Measurements. Left ventricular pressure, aortic flow, and ECG signals were digitized at 200 Hz and stored on disk for off-line analysis. Duration of the QRS complex of the surface ECG was used as measure of the synchrony of electrical activation of the ventricles.
Left ventricular cavity volume was measured using a 12-electrode dual-field conductance catheter (7F, Sentron), connected to a Leycom Sigma 5DF signal conditioner processor (CD-Leycom). Parallel conductance was estimated by injecting 7.5 ml of hypertonic saline (6.5%) into the pulmonary artery (26). Calibration of absolute LV volume was performed by calibrating SV, as determined with the conductance catheter, with SV measured with the aortic flow probe.
Protocol. After completion of the preparation, the measurements started after a stabilization period of minimally 15 min. In series 1 the heart was paced from the four epicardial LV ventricular sites, and from the RV apex alone, and, subsequently, from the LV apex simultaneous with the RV apex ("biventricular"), with two to three other LV sites ("multi-LV") and with all LV sites in combination with the RV apex ("multi-LV + RV"). In series 2 the heart was paced from the LV apex, the RV apex, the LV septum (transseptal electrode), and from various RV septal sites. In order to pace several RV septal sites, the (steerable) pacing lead was repositioned after each measurement, aiming at the lower, middle, mid-high, and the high septum.

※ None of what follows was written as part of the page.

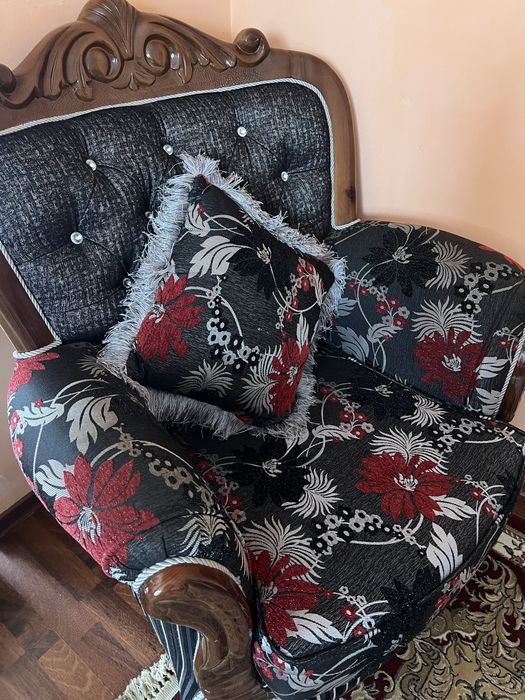 Комплект мягкой мебели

Pacing was performed in the VDD mode, so that atrial sensing was used to govern ventricular pacing. A short (25- to 40-ms) AV interval was used, to assure that the entire ventricle was activated from the ectopic site(s). Measurements were performed on 5 to 10 heartbeats after 1 to 2 min of pacing at a particular site. The various sites were paced in random order. After studying two or three different pacing sites and after pacing each RV septal site, measurements were repeated during SR, serving as baseline.
Data analysis. The dedicated data analysis software package CIRCLAB (developed by Dr. P. Steendijk, Leiden University Medical Center, the Netherlands) was used for analysis of all data from the conductance catheter, including calculation of the maximal first positive (LVdP/dtpos) and negative derivative of LV pressure (LVdP/dtneg) and the time constant of relaxation Tau.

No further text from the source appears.